This shows how some violent extremist groups – not just in Northern Ireland but elsewhere – are becoming what are described as 'learning organisations' and exploiting media that transcend societies, ideologies, causes or command & control networks.

How do we know? As an analogy, almost every army has the tactic of ambush in its doctrine books. The Australian Army, for instance, teaches a particular style of ambush; the placement of individual weapons, devices and personnel inside the ambush site are all described and explained. After an ambush has occurred, a smart intelligence collection team could analyse the site and — if the style parallels with our profile — determine that the ambush was carried out by an Australian Army patrol. Or, if we weren't operating in that area, they could then reasonably deduce it was a group trained in or otherwise following our doctrine. [fold]

Last week's Northern Ireland example, as with earlier incidents in January and May this year, demonstrates traits that seem to come from non-Irish sources.

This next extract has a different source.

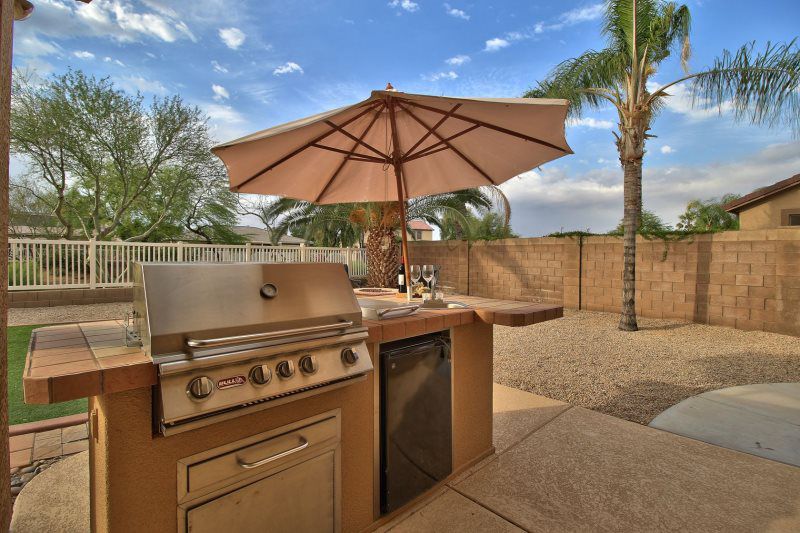 Sold Properties - 3116 Stanford Avenue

Similarly, evidence is amassing (eg. here, herehere and here) that violent extremist groups elsewhere are searching globally for new ways of conducting their activities, and not simply doing what has always been done in following or evolving their own historical 'doctrine'.

This is a wakeup call for those who consider that such threats are unlikely to proliferate beyond particular ideologies, societies or cultures. Violent groups are not limited to established methods of inflicting violence and will use the tools at their fingertips through globalisation to learn about and adopt 'best practices'.